Each one of us has our own Doctor: the one we watched first, the one we mourned first, the one we quickly forgot about when he left the show. For me, it’s Sylvester McCoy, a version of the Doctor who was generally regarded as barking mad. He turned up recently in The Hobbit as a barking mad wizard, so apparently not much has changed since the 1980s. My grandfather did actually manage to despise him for his entire run, thus entering the record books as the only recorded case of Doctor Hatred that lasted past the first episode.
My husband is envious of our Doctor Who traditions because he can’t think of an equivalent over here. We Brits have mastered the art of refusing to let things die; shows such as Eastenders, The Antiques Roadshow and Blue Peter have been gracing our screens since before I was born. My husband discovered the Doctor when he returned from his first trip to England and was searching for shows that featured London landmarks, so his Doctor will always be David Tennant.
If you have not yet watched the show, you may be pleased to know that the next series begins soon on BBC America and will feature a new incarnation, so you will soon have a perfect opportunity to fall in love with your own version of The Doctor. But before you do, a little primer might come in handy. With 50 years of back story behind him, you can imagine how complicated things have become:
The Doctor is a thousand-year-old Time Lord whose soft spot for humans brings him rushing to our planet in times of galactic need. We do not know his real name – hence the title of the show – because revealing it would have consequences that have yet to be made clear. It’s known as “the question that must never be answered.”

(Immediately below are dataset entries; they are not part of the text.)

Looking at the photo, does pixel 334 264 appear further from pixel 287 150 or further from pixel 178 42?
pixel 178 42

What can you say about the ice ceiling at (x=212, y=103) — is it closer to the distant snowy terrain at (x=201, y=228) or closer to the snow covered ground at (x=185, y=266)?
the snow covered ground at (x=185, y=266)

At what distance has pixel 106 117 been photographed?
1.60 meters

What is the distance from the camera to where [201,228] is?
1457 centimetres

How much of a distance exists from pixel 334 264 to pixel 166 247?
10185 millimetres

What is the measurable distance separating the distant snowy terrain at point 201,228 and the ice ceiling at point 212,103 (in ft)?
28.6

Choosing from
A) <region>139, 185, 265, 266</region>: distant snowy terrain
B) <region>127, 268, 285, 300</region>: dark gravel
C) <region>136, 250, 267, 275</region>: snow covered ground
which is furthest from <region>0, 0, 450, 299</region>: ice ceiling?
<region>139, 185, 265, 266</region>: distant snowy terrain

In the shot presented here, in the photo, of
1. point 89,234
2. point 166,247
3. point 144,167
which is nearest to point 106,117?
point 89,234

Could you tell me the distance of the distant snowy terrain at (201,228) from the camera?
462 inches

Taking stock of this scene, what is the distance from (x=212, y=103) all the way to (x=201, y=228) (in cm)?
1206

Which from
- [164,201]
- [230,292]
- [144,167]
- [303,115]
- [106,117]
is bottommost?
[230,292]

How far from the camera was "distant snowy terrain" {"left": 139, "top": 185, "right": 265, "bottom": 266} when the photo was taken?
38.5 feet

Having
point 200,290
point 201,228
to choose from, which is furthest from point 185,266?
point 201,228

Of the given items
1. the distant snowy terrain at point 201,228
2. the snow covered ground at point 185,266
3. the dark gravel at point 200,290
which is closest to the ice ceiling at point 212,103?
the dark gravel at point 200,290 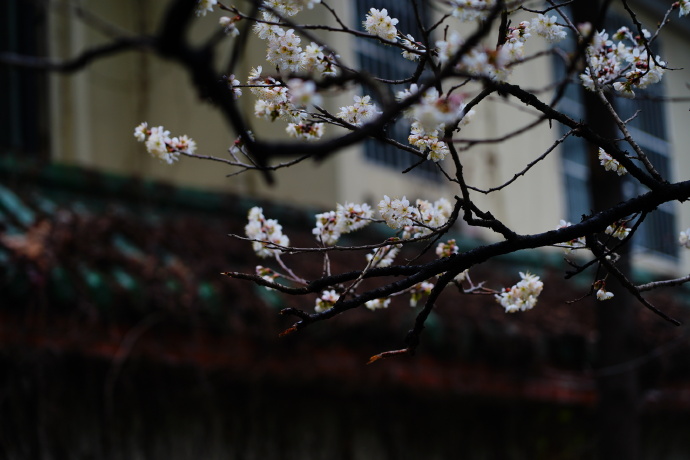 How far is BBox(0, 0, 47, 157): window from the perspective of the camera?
24.3 feet

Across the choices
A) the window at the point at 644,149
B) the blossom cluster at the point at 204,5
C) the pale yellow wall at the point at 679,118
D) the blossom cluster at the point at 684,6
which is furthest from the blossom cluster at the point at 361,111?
the pale yellow wall at the point at 679,118

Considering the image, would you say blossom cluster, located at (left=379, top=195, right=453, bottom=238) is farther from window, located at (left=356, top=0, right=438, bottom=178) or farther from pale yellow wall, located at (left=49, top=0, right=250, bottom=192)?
window, located at (left=356, top=0, right=438, bottom=178)

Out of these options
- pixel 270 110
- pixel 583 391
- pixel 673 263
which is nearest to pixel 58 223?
pixel 270 110

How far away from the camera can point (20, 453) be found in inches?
176

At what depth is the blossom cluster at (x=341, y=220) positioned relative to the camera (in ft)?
8.29

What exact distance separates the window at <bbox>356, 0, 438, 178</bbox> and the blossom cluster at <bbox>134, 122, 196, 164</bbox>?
5577mm

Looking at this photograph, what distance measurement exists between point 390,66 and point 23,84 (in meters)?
3.06

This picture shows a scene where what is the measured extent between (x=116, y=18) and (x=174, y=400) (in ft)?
14.1

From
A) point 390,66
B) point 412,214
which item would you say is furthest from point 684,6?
point 390,66

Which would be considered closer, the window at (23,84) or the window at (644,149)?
the window at (23,84)

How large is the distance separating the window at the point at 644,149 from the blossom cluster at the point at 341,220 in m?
7.55

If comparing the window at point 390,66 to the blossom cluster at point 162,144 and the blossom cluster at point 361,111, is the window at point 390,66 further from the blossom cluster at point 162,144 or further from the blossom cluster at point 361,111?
the blossom cluster at point 361,111

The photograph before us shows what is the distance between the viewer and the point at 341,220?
253cm

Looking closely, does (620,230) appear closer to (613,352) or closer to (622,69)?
(622,69) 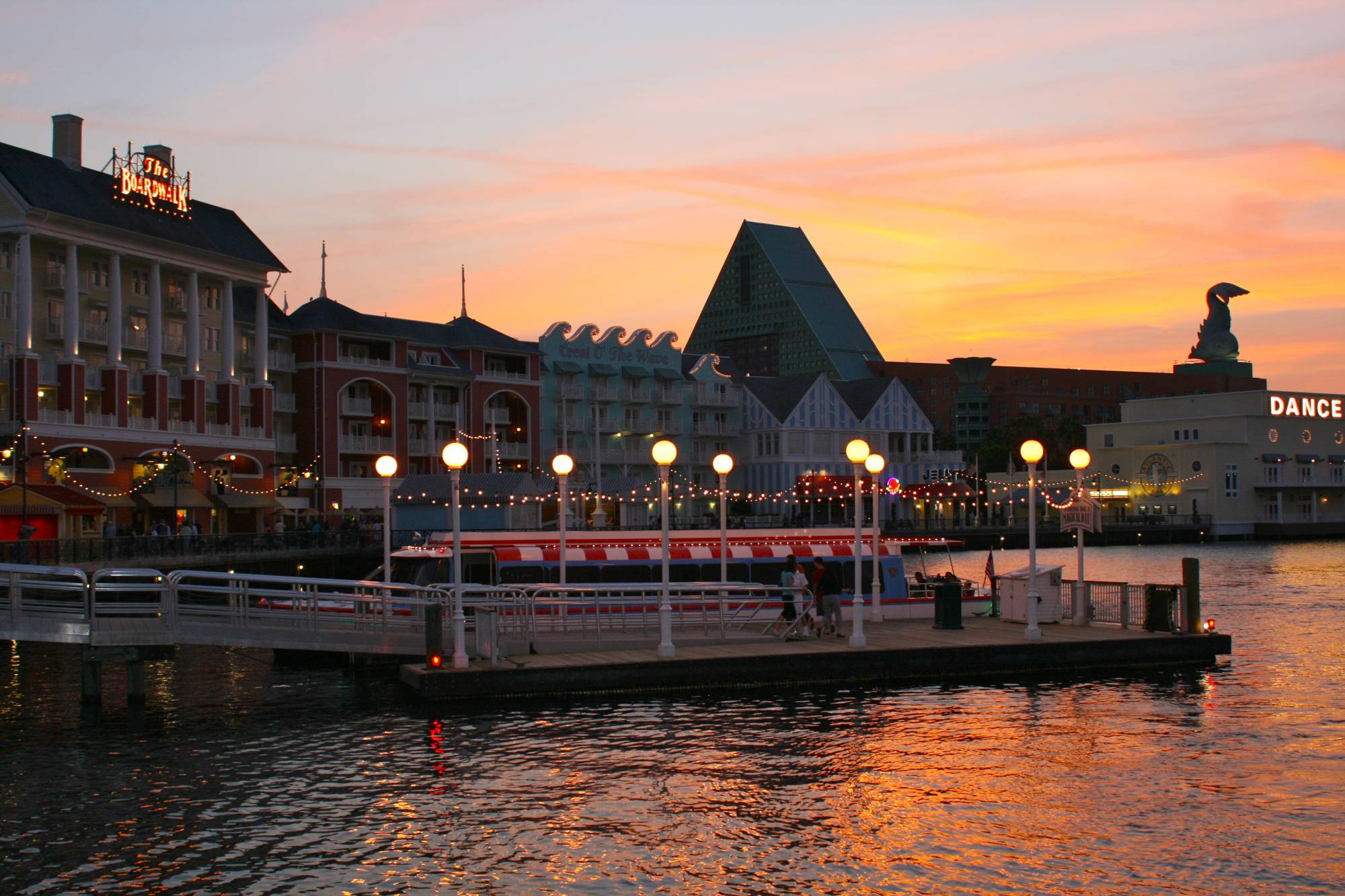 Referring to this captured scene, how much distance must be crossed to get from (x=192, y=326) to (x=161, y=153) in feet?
39.3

The rest of The Doctor’s race was destroyed in the Time Wars, fought against the Daleks. These are the plunger-nosed baddies, who are significantly more frightening than they sound and spend their time arranging the genocide of any species they consider below them. Which is all of them. The Daleks are certainly not the only aliens he encounters during his travels, but they are the most iconic.
The Doctor travels through time and space in a Tardis, which is disguised to look a lot like a 1950s police box, which in turn looks a lot like a telephone box (or port-a-potty, depending on your reference point). The Tardis is bigger on the inside – there’s even a swimming pool and a library somewhere in its infinite depths.

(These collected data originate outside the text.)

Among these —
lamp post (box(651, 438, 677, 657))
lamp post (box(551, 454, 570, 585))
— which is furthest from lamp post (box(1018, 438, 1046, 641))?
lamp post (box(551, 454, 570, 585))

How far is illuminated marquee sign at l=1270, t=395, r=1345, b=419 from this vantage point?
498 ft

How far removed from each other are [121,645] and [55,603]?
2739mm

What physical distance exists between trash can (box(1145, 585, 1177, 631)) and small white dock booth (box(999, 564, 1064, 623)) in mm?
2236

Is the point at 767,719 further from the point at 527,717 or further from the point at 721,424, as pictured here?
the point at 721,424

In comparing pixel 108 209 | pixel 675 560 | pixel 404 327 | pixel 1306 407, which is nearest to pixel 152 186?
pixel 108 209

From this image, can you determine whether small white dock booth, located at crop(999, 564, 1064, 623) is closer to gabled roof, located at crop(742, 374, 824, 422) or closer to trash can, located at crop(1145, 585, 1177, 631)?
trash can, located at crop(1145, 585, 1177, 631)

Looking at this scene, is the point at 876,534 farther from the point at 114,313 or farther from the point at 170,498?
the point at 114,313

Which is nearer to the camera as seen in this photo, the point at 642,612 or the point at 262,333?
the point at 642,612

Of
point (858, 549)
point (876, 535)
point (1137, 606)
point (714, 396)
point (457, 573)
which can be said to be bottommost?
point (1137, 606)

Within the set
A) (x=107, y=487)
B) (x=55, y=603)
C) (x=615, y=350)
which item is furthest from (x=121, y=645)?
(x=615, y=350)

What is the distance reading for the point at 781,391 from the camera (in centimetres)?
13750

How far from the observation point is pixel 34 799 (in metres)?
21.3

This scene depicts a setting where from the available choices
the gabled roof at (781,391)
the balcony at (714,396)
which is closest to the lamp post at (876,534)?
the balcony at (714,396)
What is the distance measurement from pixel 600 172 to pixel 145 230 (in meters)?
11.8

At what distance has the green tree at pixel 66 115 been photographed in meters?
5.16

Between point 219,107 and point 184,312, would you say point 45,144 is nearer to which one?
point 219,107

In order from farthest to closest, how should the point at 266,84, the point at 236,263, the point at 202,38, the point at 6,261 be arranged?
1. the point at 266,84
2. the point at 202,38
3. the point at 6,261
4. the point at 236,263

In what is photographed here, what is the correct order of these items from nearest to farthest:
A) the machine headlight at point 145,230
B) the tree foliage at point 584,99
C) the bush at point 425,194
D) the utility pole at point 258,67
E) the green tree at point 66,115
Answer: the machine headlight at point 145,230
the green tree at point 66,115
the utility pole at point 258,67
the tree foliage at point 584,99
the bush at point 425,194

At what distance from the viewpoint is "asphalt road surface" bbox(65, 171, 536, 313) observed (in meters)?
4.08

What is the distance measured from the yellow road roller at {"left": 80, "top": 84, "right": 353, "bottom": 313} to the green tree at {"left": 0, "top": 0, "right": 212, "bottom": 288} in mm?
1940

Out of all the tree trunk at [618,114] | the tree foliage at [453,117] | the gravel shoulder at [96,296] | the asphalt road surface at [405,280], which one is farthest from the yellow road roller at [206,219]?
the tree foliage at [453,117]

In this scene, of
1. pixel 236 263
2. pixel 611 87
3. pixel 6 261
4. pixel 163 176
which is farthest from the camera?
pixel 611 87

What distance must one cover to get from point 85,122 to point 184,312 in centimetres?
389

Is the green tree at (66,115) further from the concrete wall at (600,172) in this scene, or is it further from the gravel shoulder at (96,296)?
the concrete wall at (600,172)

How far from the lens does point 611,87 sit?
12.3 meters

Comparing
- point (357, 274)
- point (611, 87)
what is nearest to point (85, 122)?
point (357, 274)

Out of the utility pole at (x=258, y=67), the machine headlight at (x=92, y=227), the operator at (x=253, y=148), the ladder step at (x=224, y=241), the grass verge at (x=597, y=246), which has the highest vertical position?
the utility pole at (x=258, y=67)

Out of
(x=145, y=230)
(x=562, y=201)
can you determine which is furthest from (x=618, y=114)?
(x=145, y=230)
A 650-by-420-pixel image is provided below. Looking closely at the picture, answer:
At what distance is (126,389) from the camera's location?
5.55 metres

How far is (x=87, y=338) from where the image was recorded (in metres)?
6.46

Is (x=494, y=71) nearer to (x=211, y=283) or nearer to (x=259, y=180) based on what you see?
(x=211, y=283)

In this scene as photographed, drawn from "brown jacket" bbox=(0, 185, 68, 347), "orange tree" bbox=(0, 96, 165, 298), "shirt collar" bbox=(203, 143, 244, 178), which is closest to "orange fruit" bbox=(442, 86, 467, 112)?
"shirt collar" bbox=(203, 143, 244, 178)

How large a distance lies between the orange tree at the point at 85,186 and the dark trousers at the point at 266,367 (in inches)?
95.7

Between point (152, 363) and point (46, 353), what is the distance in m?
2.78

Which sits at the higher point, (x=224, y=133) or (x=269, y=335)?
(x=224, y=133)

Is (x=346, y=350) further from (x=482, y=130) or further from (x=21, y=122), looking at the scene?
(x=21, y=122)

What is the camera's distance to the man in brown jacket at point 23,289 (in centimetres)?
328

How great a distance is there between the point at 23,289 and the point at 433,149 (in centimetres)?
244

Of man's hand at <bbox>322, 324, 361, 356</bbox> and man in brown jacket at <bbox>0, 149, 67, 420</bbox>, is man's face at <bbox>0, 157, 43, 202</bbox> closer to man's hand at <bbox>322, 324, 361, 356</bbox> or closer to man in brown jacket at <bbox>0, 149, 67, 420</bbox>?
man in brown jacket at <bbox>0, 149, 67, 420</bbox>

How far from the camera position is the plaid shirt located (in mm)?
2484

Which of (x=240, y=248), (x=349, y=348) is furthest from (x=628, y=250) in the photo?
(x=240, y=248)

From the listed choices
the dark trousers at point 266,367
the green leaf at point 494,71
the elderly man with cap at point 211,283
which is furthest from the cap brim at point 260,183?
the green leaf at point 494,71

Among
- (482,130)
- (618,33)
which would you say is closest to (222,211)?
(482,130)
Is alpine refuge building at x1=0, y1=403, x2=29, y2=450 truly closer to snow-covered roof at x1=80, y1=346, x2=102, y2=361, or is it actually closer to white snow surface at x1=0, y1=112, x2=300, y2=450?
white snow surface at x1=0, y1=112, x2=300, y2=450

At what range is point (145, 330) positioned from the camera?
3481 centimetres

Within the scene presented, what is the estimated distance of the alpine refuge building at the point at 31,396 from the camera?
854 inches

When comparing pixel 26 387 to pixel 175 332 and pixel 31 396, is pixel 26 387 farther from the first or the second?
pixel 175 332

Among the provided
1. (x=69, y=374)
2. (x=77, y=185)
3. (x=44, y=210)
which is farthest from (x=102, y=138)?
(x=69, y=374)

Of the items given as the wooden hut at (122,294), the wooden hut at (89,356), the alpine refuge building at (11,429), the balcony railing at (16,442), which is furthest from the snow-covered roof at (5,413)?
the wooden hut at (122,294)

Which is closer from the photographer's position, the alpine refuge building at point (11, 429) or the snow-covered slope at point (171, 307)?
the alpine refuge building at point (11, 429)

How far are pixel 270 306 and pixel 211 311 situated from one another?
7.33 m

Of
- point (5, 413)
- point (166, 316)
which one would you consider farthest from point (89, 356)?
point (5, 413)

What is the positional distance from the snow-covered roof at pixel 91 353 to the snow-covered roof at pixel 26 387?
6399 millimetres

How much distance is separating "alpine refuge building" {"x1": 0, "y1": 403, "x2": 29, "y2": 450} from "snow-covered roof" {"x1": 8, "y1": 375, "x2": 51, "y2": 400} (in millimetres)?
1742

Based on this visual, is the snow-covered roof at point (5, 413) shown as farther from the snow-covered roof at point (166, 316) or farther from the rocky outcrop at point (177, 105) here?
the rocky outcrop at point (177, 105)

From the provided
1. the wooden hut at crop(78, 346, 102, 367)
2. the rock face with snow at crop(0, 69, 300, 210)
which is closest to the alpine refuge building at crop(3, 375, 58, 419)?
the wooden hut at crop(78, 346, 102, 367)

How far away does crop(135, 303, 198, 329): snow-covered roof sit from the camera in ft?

It is also a sentient being that draws its power from an Eye of Harmony: an exploding star in the process of becoming a black hole, suspended in a permanent state of decay. That might sound far-fetched but, like much of the show’s lore, is based on real astrophysics. Time slows down so much at a black hole’s event horizon that it really would appear to be suspended.
Together, The Doctor and his Tardis travel to the past and the future, on this planet and out across the universe. A peaceful man, he does not kill and is never armed, unless you count his sonic screwdriver and rather brilliant brain. Even so, he commands a healthy respect across the cosmos that sometimes causes entire alien armies to flee in terror – he is our planet’s first and best protector.

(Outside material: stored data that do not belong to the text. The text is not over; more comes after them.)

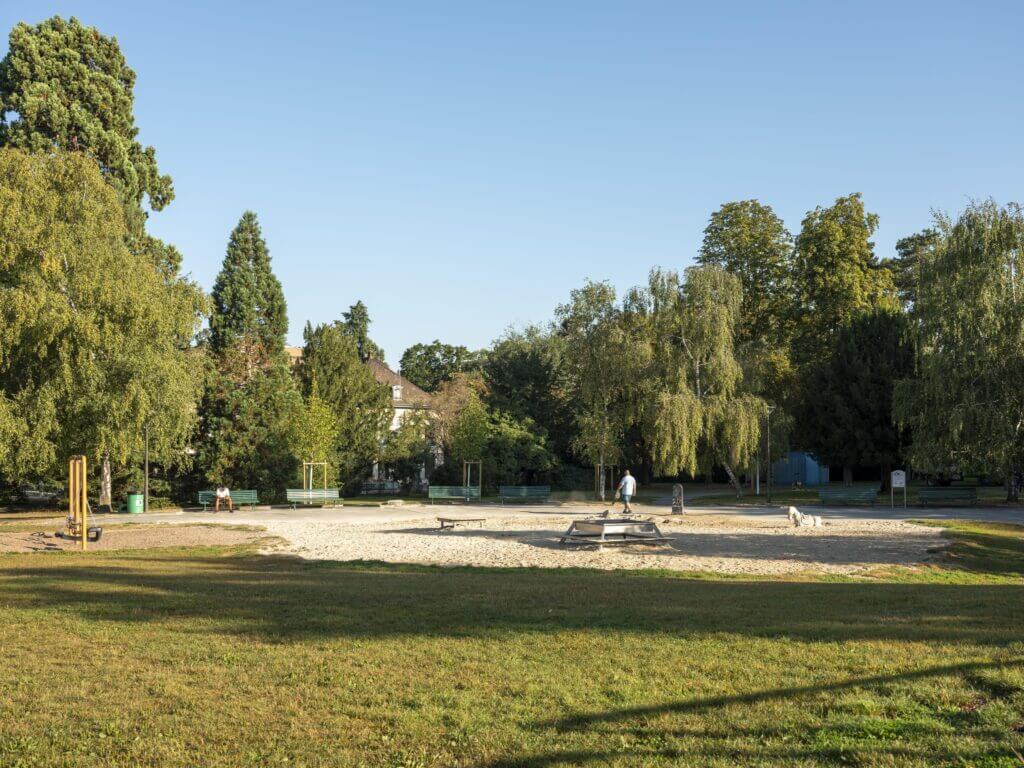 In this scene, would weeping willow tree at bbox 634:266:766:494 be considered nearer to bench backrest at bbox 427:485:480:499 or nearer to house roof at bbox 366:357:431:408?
bench backrest at bbox 427:485:480:499

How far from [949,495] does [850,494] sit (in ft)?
14.0

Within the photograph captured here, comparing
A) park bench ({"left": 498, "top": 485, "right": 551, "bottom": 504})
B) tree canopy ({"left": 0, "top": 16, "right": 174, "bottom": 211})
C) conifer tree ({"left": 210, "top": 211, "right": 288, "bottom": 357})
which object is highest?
tree canopy ({"left": 0, "top": 16, "right": 174, "bottom": 211})

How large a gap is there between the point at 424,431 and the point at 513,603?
1832 inches

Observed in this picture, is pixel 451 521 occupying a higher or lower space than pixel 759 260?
lower

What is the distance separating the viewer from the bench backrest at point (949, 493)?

Doctor Who holds the world record for longest-running science fiction television show in the world and is also the most successful sci-fi of all time. It’s won plenty of awards over the years, including a Peabody Award here in the US for evolving with technology and the times like nothing else in the known television universe. Hokey and peculiar it may be, but that does nothing to diminish its excellence.
So if you’ve spotted Doctor Who on your television schedule and you’re starting to feeling tempted, I highly recommend giving it a go. I’m perfectly aware that the premise sounds convoluted, but you’ll be surprised how entertaining it is once you’ve fought your way through the confusion.
There’s nothing quite like traveling with a Time Lord to far-reaching planets and distant times, a different place with every new episode. When you’re a fan of Doctor Who, to quote the character himself, the whole of space and time is at your fingertips…so where do you want to go?